Genome sequencing and assembly
Genome DNA was extracted from overnight grown Falsirhodobacter sp alg1 using the UltraClean Microbial DNA Isolation Kit (MoBio) based on the manufacturers protocol. DNA library for sequencing was prepared using the Nextera DNA Library Prep Kit (Illumina) as recommended and the library was sequenced using an Illumina MiSeq sequencing system accordingly. Quality and concentration of all samples were determined using the 2100 Bioanalyzer (Agilent Technologies). Obtained sequencing reads were assembled using SPAdes excluding the single-cell feature [22]. Contigs attained from the MiSeq sequencing run were integrated with formerly sequenced 454 reads [23] and reassembled using Geneious R8 v. 8.1.5 (Biomatters). Automatic gene annotation and coding sequence classification was performed against the draft genome by Rapid Annotation using Subsystem Technology (RAST) [24]. Operon and standalone genes were predicted using the FGENESB online prediction tool (Softberry) [25]. Genome completeness was confirmed by the identification of conserved single copy genes (CSCGs) [26].
Identification of alginate lyase genes and data analysis
Comparative analysis of the 16S rRNA gene of bacterial isolates was performed by BLAST against the NCBI database. Oligoalginate lyase sequences used as reference for amino acid sequence comparison were manually extracted from the NCBI database based on sequences from published work. Alginolytic genes related to alginate assimilation of Falsirhodobacter sp. alg1 were predicted and identified from the draft genome revised in this work. Classification of alginate lyases were conducted based on the Carbohydrate-Active enZYmes (CAZy) Database. Sequence alignments and phylogenetic trees were generated using Geneious R8 v. 8.1.5. All graphs were prepared using Prism 6.0 (GraphPad). Conserved domains of alginate lyases were determined by the Conserved Domain Search Service of NCBI [27]. Presence of signal peptides were determined using SignalP 4.1 [28].
Results
Isolation of a novel alginate-degrading bacterium, Falsirhodobacter sp. alg1, from the Rhodobacteraceae family
From our culture enrichment attempt and upon subjection to alginate assimilation, we successfully attained 11 morphologically distinct bacterial colonies showing strong alginate degrading characteristics via the formation of halos. These isolates were subsequently cultured and subjected to TLC to determine their ability to degrade alginate to its monomeric sugars. We found that 9 out of 11 of the isolates could actually degrade alginate to its monomeric sugars (Fig 1). Based on 16S rRNA gene diversity analysis, the bacterial strains isolated showed high similarity, ranging between 96.6%–99.5%, to bacteria from known alginate-degrading bacterial genera such as Vibrio, Pseudoalteromonas, Cobetia, Formosa, and Shewanella (Table 1). The isolate ADB-BSW-1 was classified as a Bacteroidetes strain while the remaining isolates were classified as Proteobacteria (S2 Fig). Among these isolates, we identified a bacterial strain, ADB-BSW-11, that showed a pairwise similarity of 96.6% to a recently reported novel genus, Falsirhodobacter, from the family Rhodobacteraceae [29]. This strain was subsequently termed Falsirhodobacter sp. alg1.

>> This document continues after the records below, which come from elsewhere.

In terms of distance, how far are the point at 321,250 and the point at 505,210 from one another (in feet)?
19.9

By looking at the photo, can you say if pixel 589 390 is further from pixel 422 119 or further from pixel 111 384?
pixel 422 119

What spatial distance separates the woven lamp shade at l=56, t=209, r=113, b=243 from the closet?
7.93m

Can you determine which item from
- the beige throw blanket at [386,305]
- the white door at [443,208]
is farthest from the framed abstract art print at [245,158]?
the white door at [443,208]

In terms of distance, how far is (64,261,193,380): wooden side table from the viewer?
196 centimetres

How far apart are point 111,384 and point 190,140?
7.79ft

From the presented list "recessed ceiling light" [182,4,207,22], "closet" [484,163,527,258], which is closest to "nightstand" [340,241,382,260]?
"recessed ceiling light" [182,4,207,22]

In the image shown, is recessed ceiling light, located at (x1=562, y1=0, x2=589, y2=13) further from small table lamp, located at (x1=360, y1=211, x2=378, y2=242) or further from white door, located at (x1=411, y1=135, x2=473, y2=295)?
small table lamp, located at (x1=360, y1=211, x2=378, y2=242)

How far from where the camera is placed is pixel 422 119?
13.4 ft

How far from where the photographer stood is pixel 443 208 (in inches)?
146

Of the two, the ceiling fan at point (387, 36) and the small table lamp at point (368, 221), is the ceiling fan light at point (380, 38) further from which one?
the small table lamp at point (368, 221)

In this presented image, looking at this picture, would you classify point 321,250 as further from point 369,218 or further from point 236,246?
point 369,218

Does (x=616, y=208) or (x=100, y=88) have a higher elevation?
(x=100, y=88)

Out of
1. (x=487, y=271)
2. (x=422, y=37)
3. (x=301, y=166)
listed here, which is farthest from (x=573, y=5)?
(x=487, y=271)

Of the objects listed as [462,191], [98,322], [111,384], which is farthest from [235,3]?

The region indicating the presence of alginate monosaccharides are shown since the presence of monomeric sugars indicates the ability of the strains to degrade alginate. M: Hydrolyzed sodium alginate, C1: Saccharophagus degradans, C2: Commercial sodium alginate, C3: Marine broth, 1: ADB-BSW-1, 2: ADB-BSW-2, 3: ADB-BSW-3, 4: ADB-BSW-4, 5: ADB-BSW-5, 6: ADB-BSW-6, 7: ADB-BSW-7, 8: ADB-BSW-8, 9: ADB-BSW-9, 10: ADB-BSW-10, 11: ADB-BSW-11. Full TLC images of the degraded products by each strain are provided in S1 Fig in the Supporting Information section for further reference.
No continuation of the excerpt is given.